O hanım diyor ki; "Bizim Efendimiz'in kitapları."
"Onu biz yazdırıyoruz." buyuruyor.
Haa iş değişti şimdi.
Binaenaleyh Allah-u Teâlâ'ya sonsuz şükürler olsun ki, o Nur'un ışığı altında, o ruhun izniyle bunlar oluyor. Yaptım, ettim, hiçbir şey yok. Fakat insan gerçek hakikati bilemediği için, Hakk'ı da bilemediği için Allah-u Teâlâ'nın ona ihsan ettiği nimetleri de nefis benimsediği için "Benim!" diye çıkıyor. Ne kadar acayip.
Allah'ım Zât'ına has bir kul, Habib'ine ümmet etsin. Rızâ yolunda nasıl icap ediyorsa o çalışmayı bize nasip etsin. Rabb'imiz bizi güzel haliyle hemhâl ettiği, ahirette de lütuf birliğiyle haşr-u cem ettiği kullarından eylesin...
•
Yaptığınız konuşmayı, yaptığınız zikri Hazet-i Allah'a duyurun. Diyeceksiniz ki; nasıl duyuracağım? Evvela kendin duy, kendin duyduğun zaman O'na da duyurmuş olursun. Ama kendin duymazsan O'na nasıl duyuracaksın? Ne kadar ince değil mi?

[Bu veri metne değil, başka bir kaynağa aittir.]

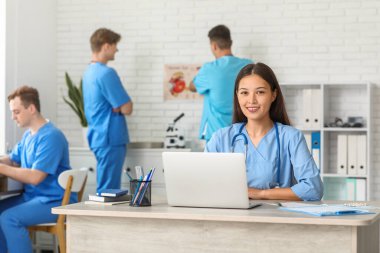 Klinikteki masada dizüstü bilgisayarla çalışan Asyalı kadın doktor.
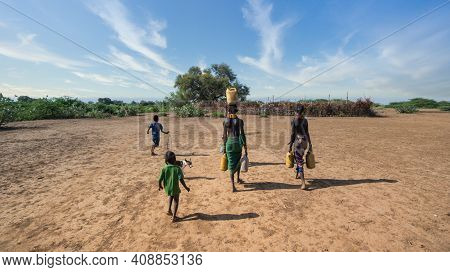 Omorate, Ethiopia - September 2017: Unidentified Woman From Dassanech Tribe Carrying Water To Her Vi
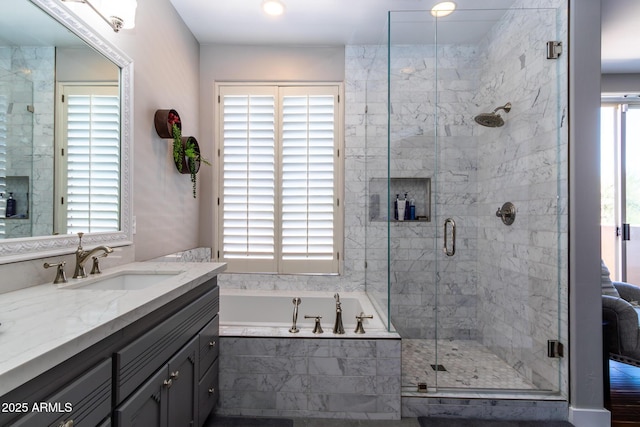 bathroom with plus walk in shower and vanity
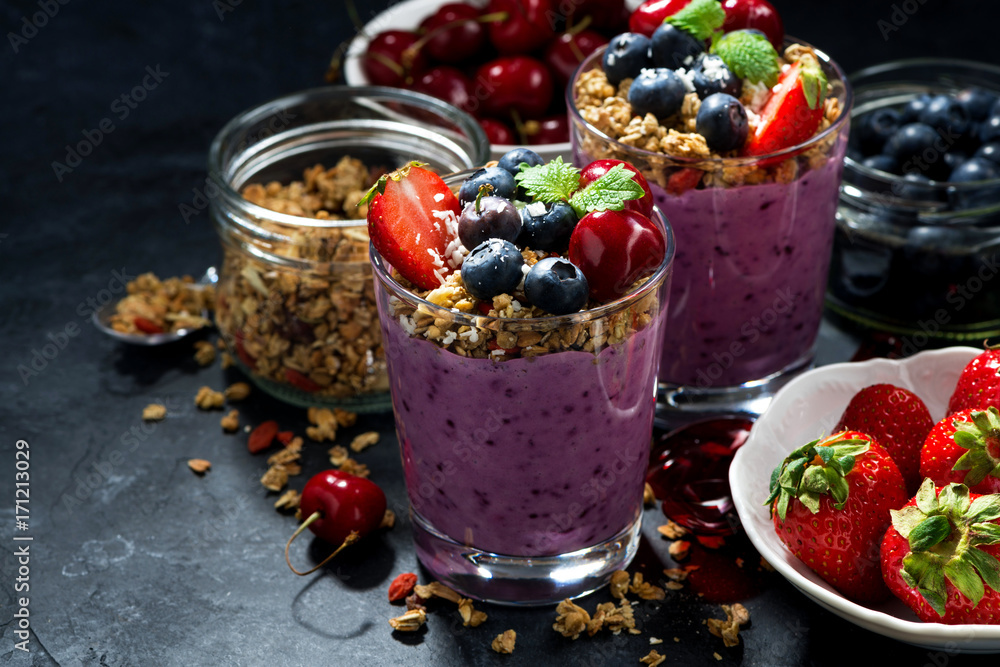 healthy blueberry with granola and berries on a dark background healthy blueberry with granola and berries on a dark background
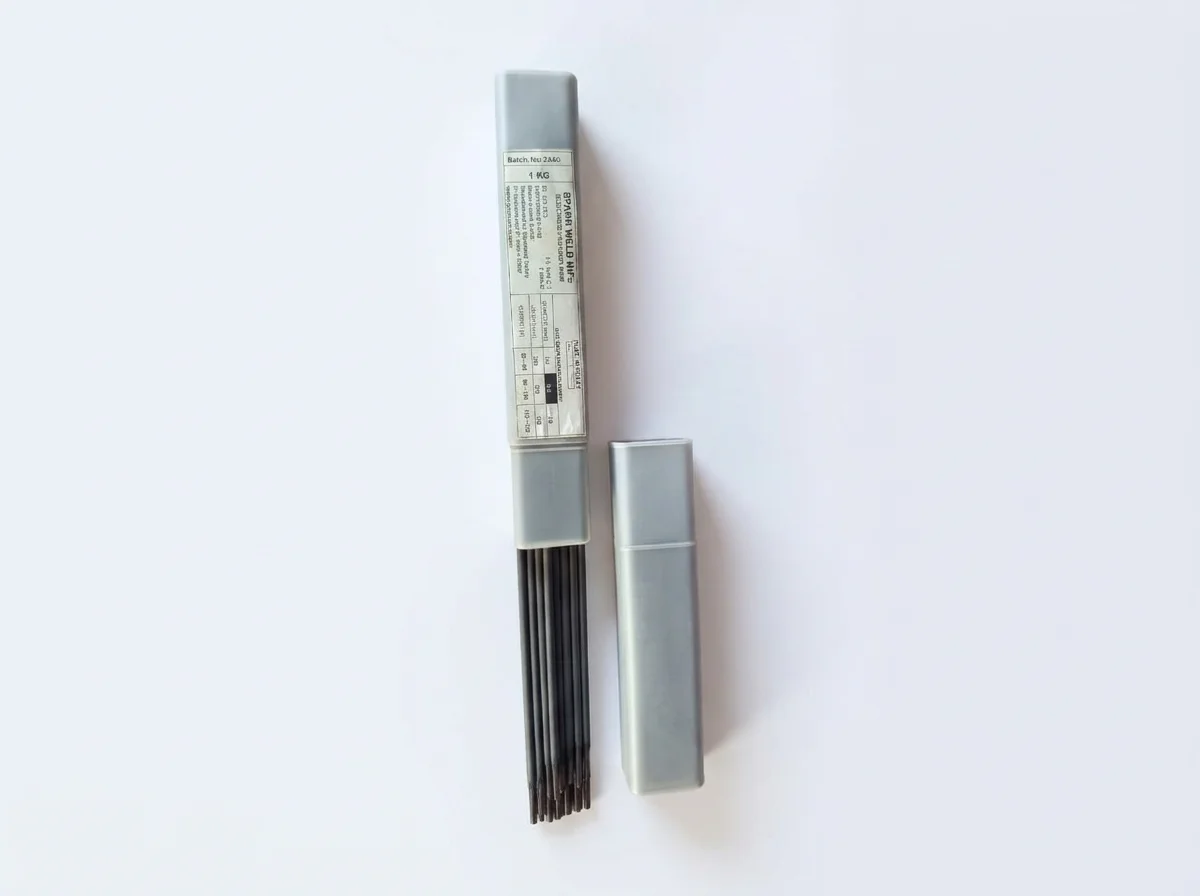 Open gray box of 4xG welding electrodes beside its matching gray lid on a white background
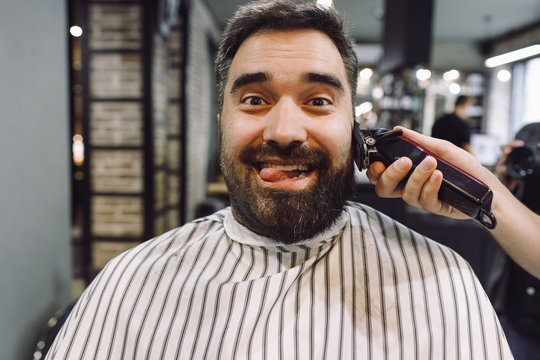 Man looks funny while barber works on him in the barber-shop
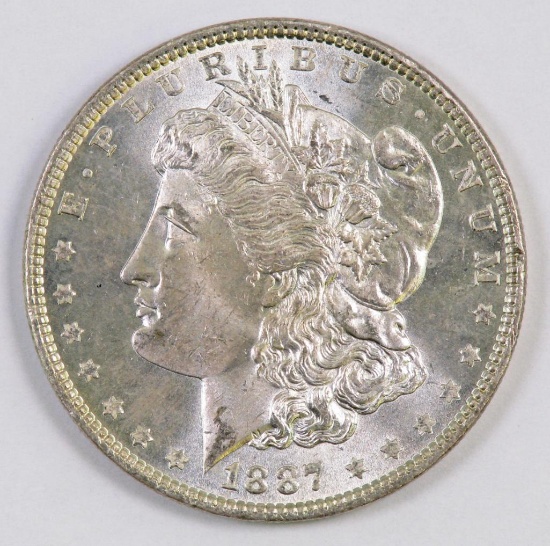 1887 P Morgan Silver Dollar.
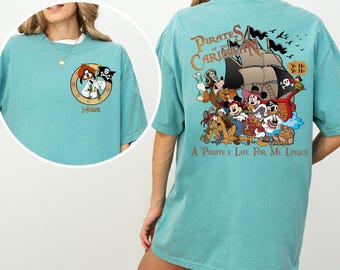 Könnte beinhalten: Ein türkisfarbenes T-Shirt mit einem grafischen Aufdruck von Mickey Mouse und anderen Disney-Charakteren, die als Piraten auf einem Schiff verkleidet sind. Der Text "Pirates of the Caribbean" und "A Pirate's Life For Me Lyrics" ist auf dem Shirt aufgedruckt.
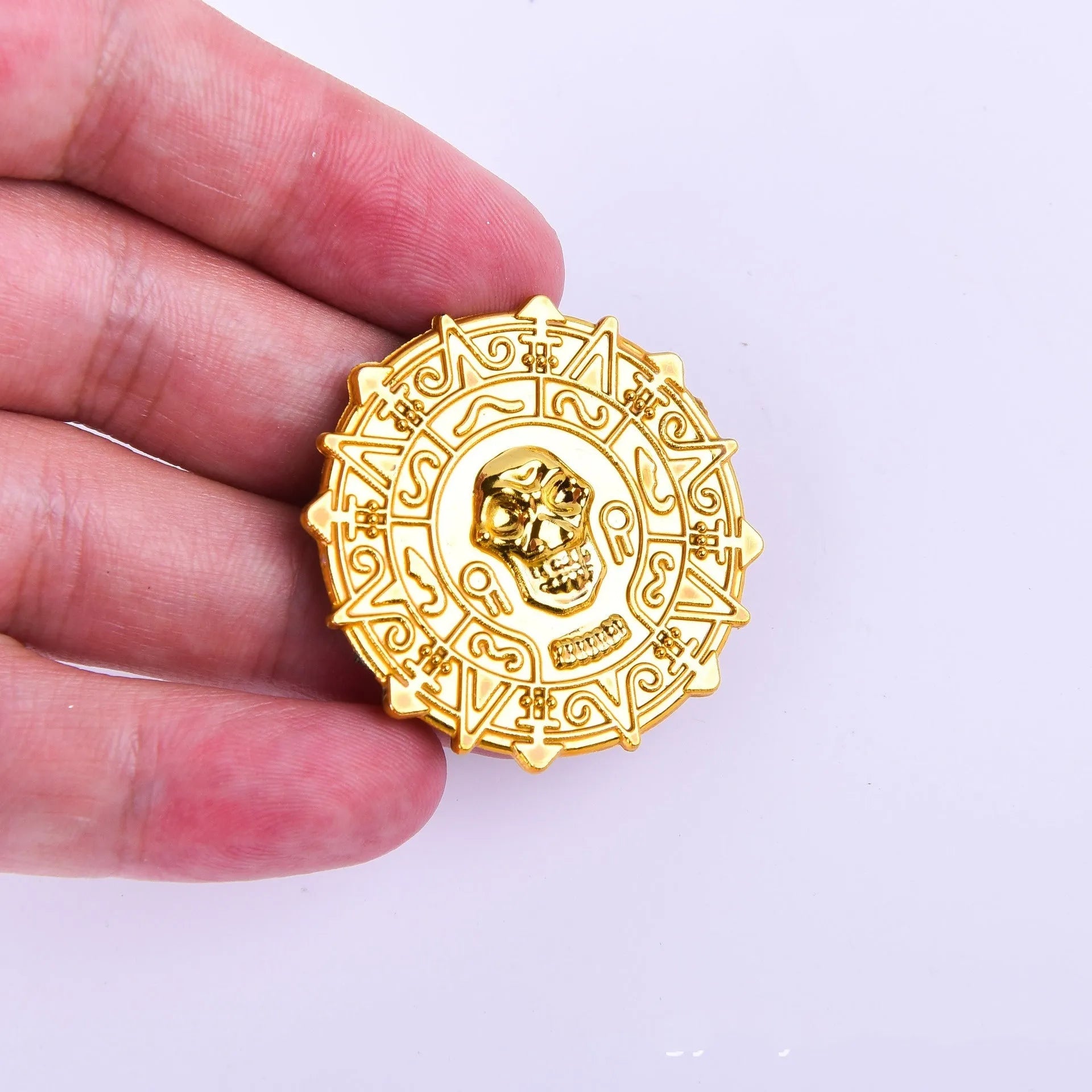 Plastic pirate gold coin toy with pointed tip measuring 3.6cm diameter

Meselâ burada bir tabaka var. Tabaka, perde sensin. Perdenin altında O'ndan başkası yok. Çünkü her şeyi halk eden O.
"Allahu Lâ ilâhe illa hüvel hayyül kayyum."
"Allah o Allah'tır ki, kendisinden başka hiçbir ilâh yoktur. O Hayy ve Kayyûm'dur." (Bakara: 255)
Hepsi "Lâ" dan ibaret "Hayy" ve "Kayyum" olan O'dur. Şimdi bütün varlıkların perdeden, bir maskeden ibaret olduğunu gözün ile gördüğün zaman senin de bir perde olduğun ortaya çıkar.
Çünkü aslında O var. Perdeye, kendine duyurursan O da duyar. Ama sen perdeye duyuramazsan O'na nasıl duyuracaksın? Bununla demek istiyorum ki; insan "Allah" derken içinde şuurla söylemeli, dudak arasında kalmamalı. Allah dediğin zaman Allah-u Teâlâ'nın ondan daha içeride olduğunu ve O'nun duyduğunu bildiğin zaman; sende duyarsın O da duyar. Ama senin duyamadığını O nasıl duyar?
"İçinizde!.. Görmüyor musunuz?" (Zâriyat: 21)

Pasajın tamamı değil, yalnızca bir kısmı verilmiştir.